**RECORDS SHOWN**

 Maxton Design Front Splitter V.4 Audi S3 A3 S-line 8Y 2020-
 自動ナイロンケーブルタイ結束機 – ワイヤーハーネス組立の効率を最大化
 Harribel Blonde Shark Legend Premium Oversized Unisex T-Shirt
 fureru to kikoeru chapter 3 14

--

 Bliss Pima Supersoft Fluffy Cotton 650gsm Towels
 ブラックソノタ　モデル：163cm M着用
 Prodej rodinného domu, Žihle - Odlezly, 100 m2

**EXERCISE DETAILS**
Where the line holding "Maxton Design Front" appears in the listing above, start reproducing exactly, and end with the line holding "fureru to kikoeru chapter 3 14".

**SOLUTION**
 Maxton Design Front Splitter V.4 Audi S3 A3 S-line 8Y 2020-
 自動ナイロンケーブルタイ結束機 – ワイヤーハーネス組立の効率を最大化
 Harribel Blonde Shark Legend Premium Oversized Unisex T-Shirt
 fureru to kikoeru chapter 3 14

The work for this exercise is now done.